The Cincinnati Bengals will likely have a new kicker this season.
This year, for the first time in the Marvin Lewis era, the Bengals acquired a kicker through the NFL Draft. It came when the Bengals selected Memphis’ Jake Elliott in Round 5. While not a high selection, it was nevertheless a big break from how the Bengals have traditionally acquired kickers and Elliott was the first player selected at the position this year.
The Bengals usually rely on cheaper retreads and outcasts from other teams, including Shayne Graham, Josh Brown, Randy Bullock and Mike Nugent. Those are the kind of kickers the Bengals have used on for almost two decades, as the last kicker they drafted was Neil Rackers in 2000. But in 2017, the Bengals will likely be relying on a rookie.
Elliott is ready for the challenge, though he knows nothing will be handed to him.
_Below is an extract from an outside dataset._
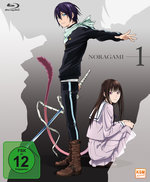 Film: Noragami -Volume 1/Folge 01-06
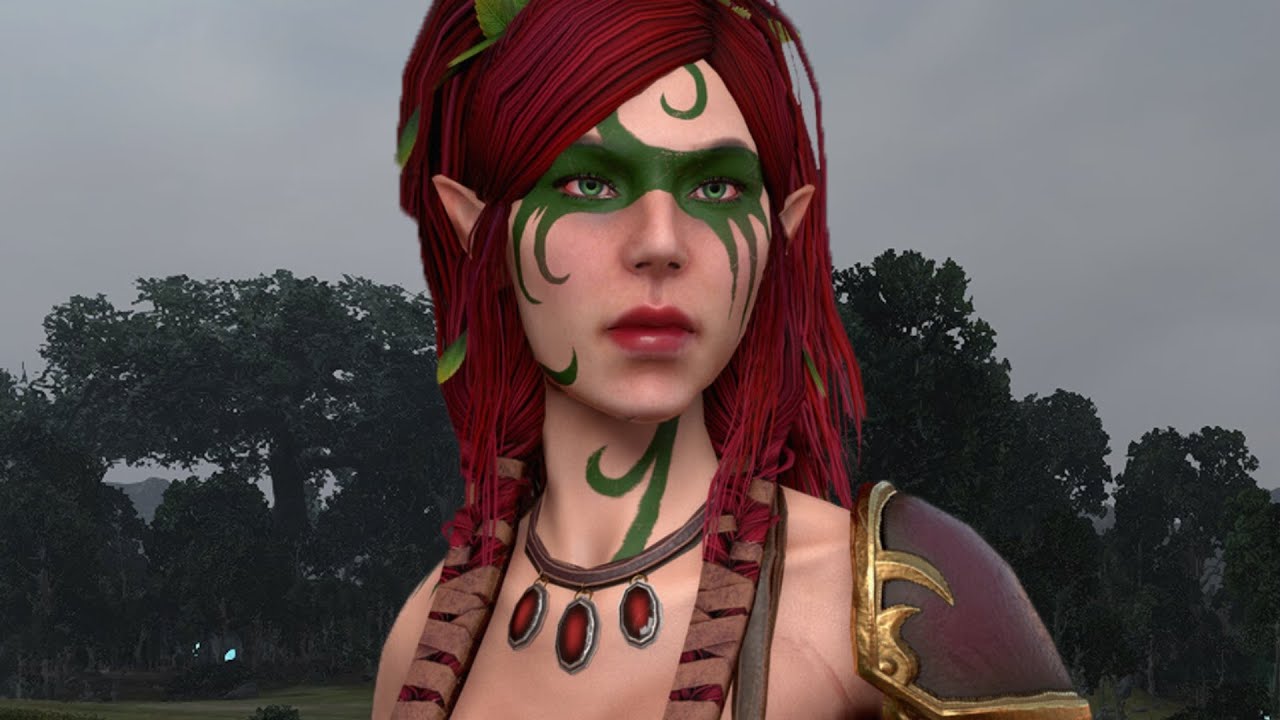 There's a Beastmen in our town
He’ll have to beat out Bullock for the right to be the Bengals’ full-time kicker for the foreseeable future.
“I’m looking forward to competing,” Elliott told Bengals.com. “Nothing in this league is given and everything has to be earned. I look forward to competing and hopefully winning the job.”
Special teams coordinator Darrin Simmons has been working with Bengals kickers for more than a decade now. He likes what he’s seen in Elliott dating back to when the two first met during a pre-draft workout.
It came when Simmons was set to work out Elliott at his pro day. Weather nearly derailed those plans, but they actually helped Simmons gain respect for the unfazed Elliott, who was also very adaptable to the situation.
“I think he’s very coachable,” said Simmons. “That was easy to see right away with a couple of adjustments that we tried to make right after the workout was over. When I made suggestions, he picked up on them right away.
“He has a very calm demeanor. It was a tough day in Memphis that day that I worked him out. The wind was probably blowing 15 to 20 miles per hour and he never flinched. Some specialists have a tendency to be, ‘Woe is me,’ because of the weather.”
How well a kicker adjust to being thrown into a less-than-ideal situation is often what separates the good kickers from the great ones. Succeeding in an uncomfortable situation helped Elliott win over Simmons.
“We were supposed to start kicking around two o’clock and there was a torrential downpour,” said Simmons of the workout. “We just stayed inside and watched video for a little bit and went out when the weather was nice. He never flinched with any of that and it was good to see that he’s got some composure.”
It’s safe to say Elliott came up big in the clutch for his most important job interview, though coming up big under pressure is something he did every year in college. During his freshman year (2013), Elliott was the only FBS kicker to attempt three or more field goals of 50-plus yards and convert every attempt (50, 52, 56 yards). He was also 7-for-8 on 40-plus yard field goals (.875).
Elliott never missed an extra point or any kick from less than 30 yards in his college career, while 63 percent (210-of-330) of his kickoffs went for touchbacks. In 2016, Elliott had an average of 63.7 yards per kickoff, which resulted in 64 touchbacks in 94 attempts (68.09%).
The Bengals have previously said a big reason why they liked Elliott so much was because of his kickoff ability, in addition to putting the ball between the uprights. It sounds like his composure during an unexpectedly challenging workout helped sell the team as well.
Let’s hope that continues to play out in real games this season. It’s about time the Bengals found a kicker they can rely on in any situation. Kicking easily cost the Bengals one, if not more wins in 2016, so just having a stable kicker could be the difference between making the playoffs and falling short.